Summing the curious series of Kempner and Irwin

TL;DR

This paper explores the summation of special series involving integers with restricted digit patterns, providing high-precision calculations and discussing related unsolved series.

Contribution

It introduces methods to compute sums of series with digit-restricted denominators and presents high-precision results for specific cases.

Findings

Sum of denominators without digit 9 is about 22.92068

Sum of denominators with exactly one 9 is about 23.04428

Sum of denominators with 100 zeros is about 23.02585

Abstract

In 1914, Kempner proved that the series 1/1 + 1/2 + ... + 1/8 + 1/10 + 1/11 + ... + 1/18 + 1/20 + 1/21 + ... where the denominators are the positive integers that do not contain the digit 9, converges to a sum less than 90. The actual sum is about 22.92068. In 1916, Irwin proved, among other things, that the sum of 1/n where n has at most a finite number of 9's is also a convergent series.
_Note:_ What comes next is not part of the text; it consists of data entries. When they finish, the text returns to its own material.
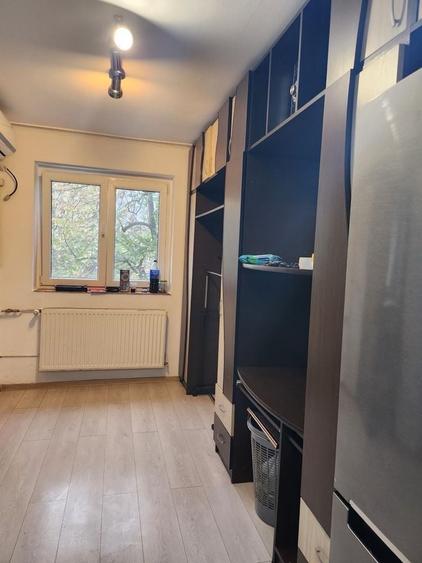Apartament cu 2 camere decomandat în Titan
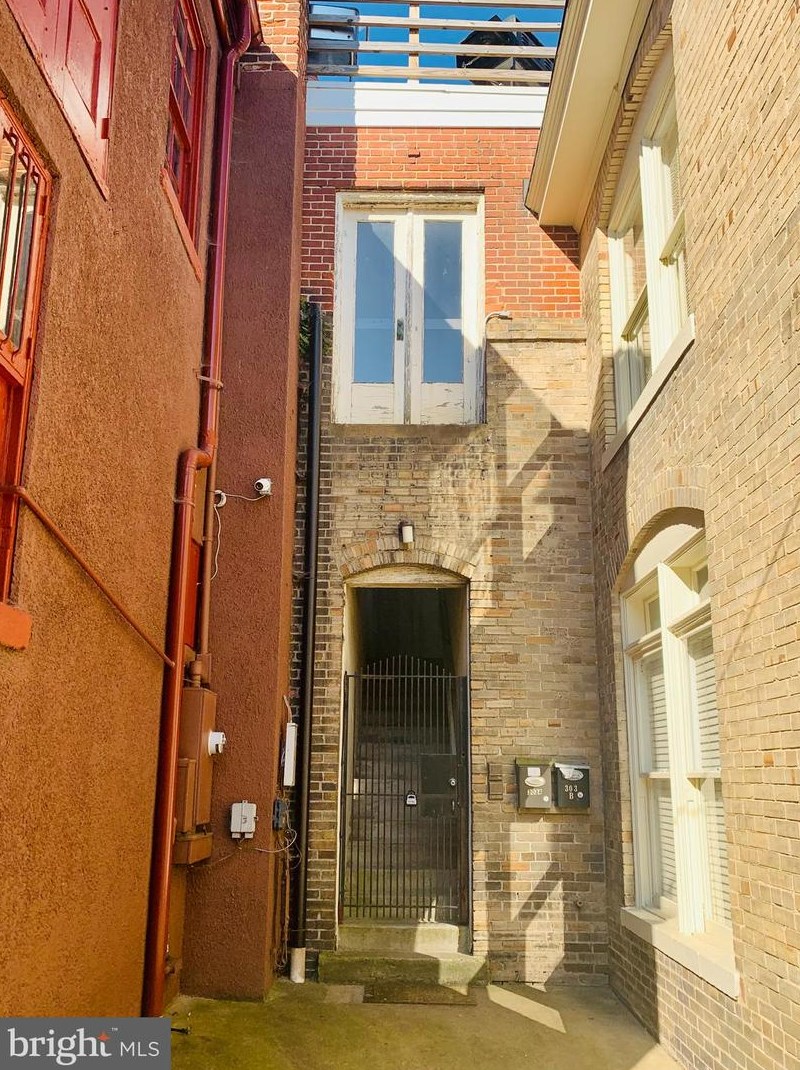 303 William St #a, Fredericksburg, VA 22401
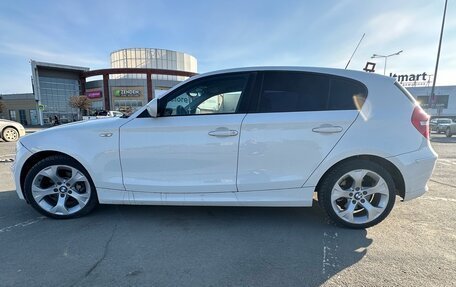 BMW 1 серия, 2010 год, 900 000 рублей, 4 фотография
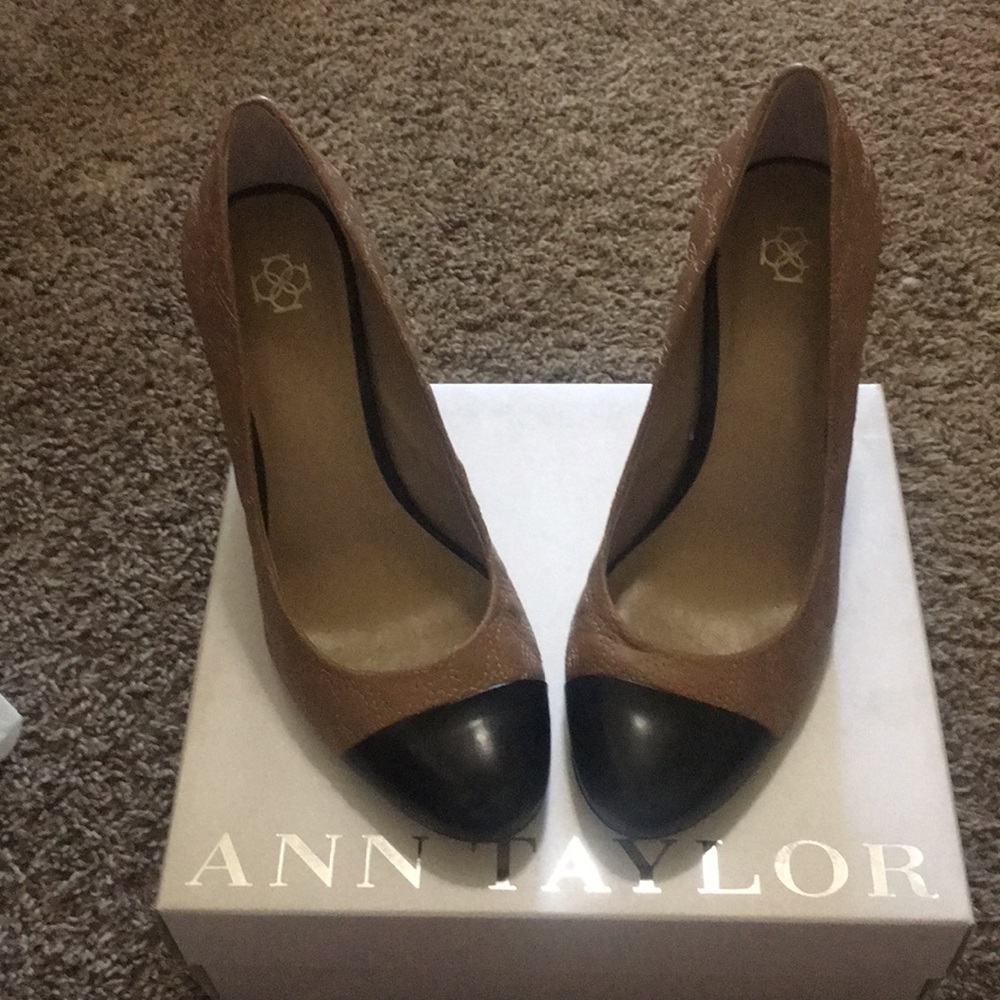 Black and Tan spectator pumps
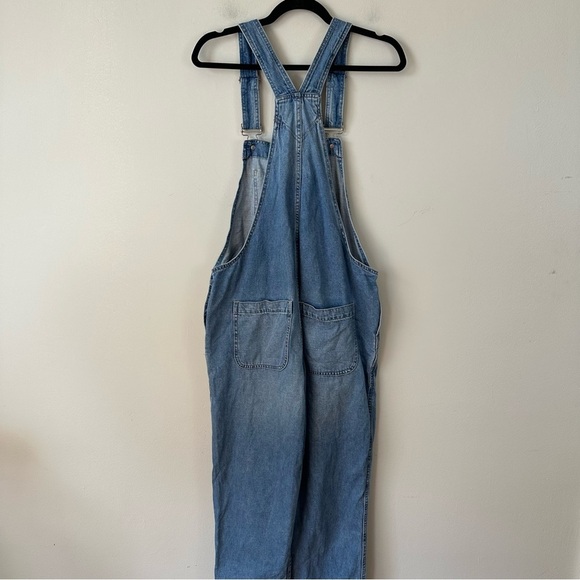 Gap | Medium Wash Denim Jean Overalls Size Medium Women's - Picture 4 of 6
We show how to compute sums of Irwins' series to high precision. For example, the sum of the series 1/9 + 1/19 + 1/29 + 1/39 + 1/49 + ... where the denominators have exactly one 9, is about 23.04428 70807 47848 31968. Another example: the sum of 1/n where n has exactly 100 zeros is about 10 ln(10) + 1.00745 x 10^-197 ~ 23.02585; note that the first, and largest, term in this series is the tiny 1/googol. Finally, we discuss a class of related series whose summation algorithm has not yet been developed.